Provided material:
______

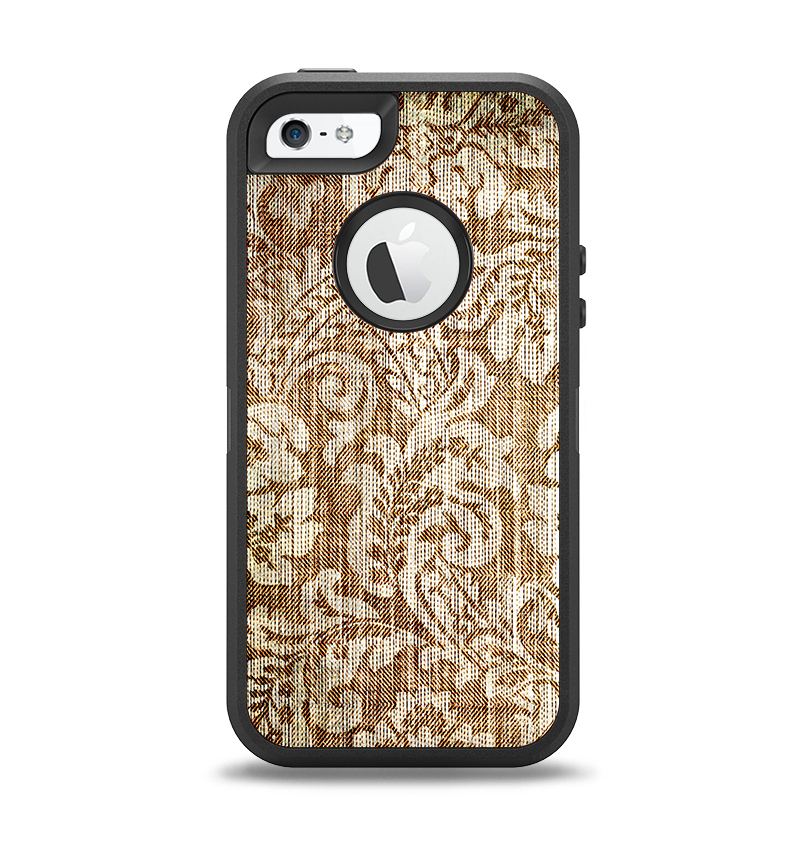 The Antique Floral Lace Pattern Apple iPhone 5-5s Otterbox Defender Case Skin Set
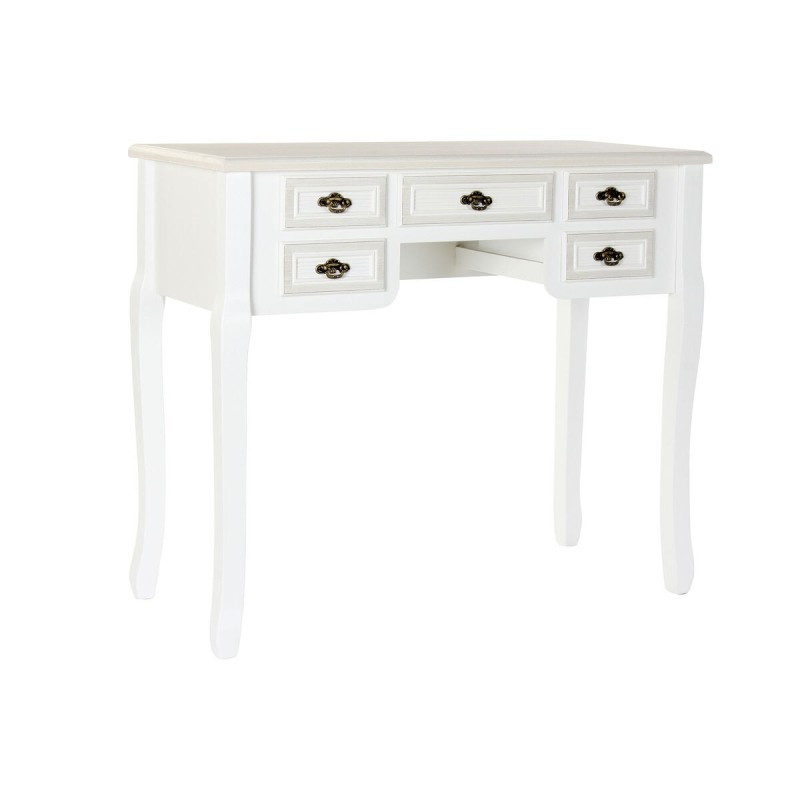 Bureau DKD Home Decor MDF Aluminium Blanc (90 x 40 x 78 cm) - Acheter à 155,15 € seulement chez Collector's Boutique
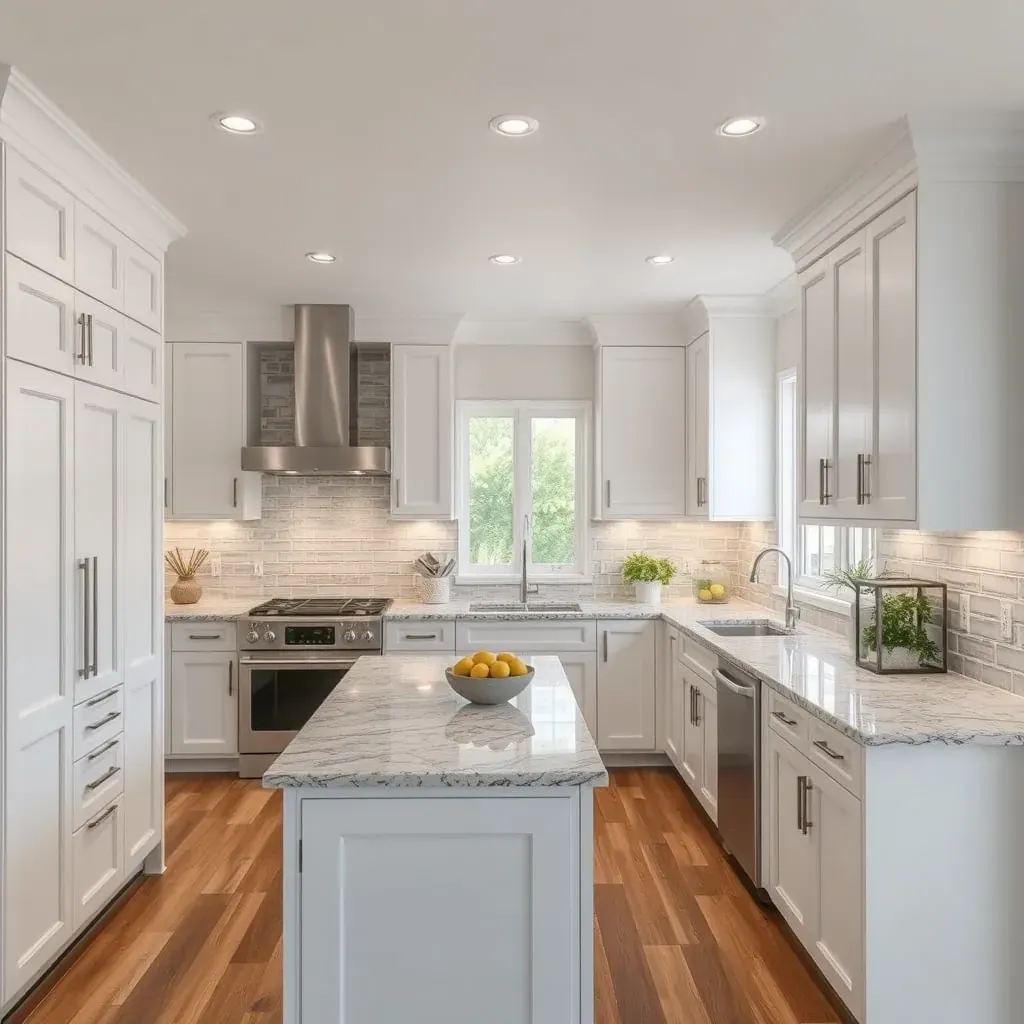 Modern Leucadia kitchen with quartz countertops, custom wood cabinets, stainless steel appliances, large windows, coastal tile backsplash.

______

Your assignment: Take the data above and set it down exactly, images excluded.

Solution to this task:
 The Antique Floral Lace Pattern Apple iPhone 5-5s Otterbox Defender Case Skin Set
 Bureau DKD Home Decor MDF Aluminium Blanc (90 x 40 x 78 cm) - Acheter à 155,15 € seulement chez Collector's Boutique
 Modern Leucadia kitchen with quartz countertops, custom wood cabinets, stainless steel appliances, large windows, coastal tile backsplash.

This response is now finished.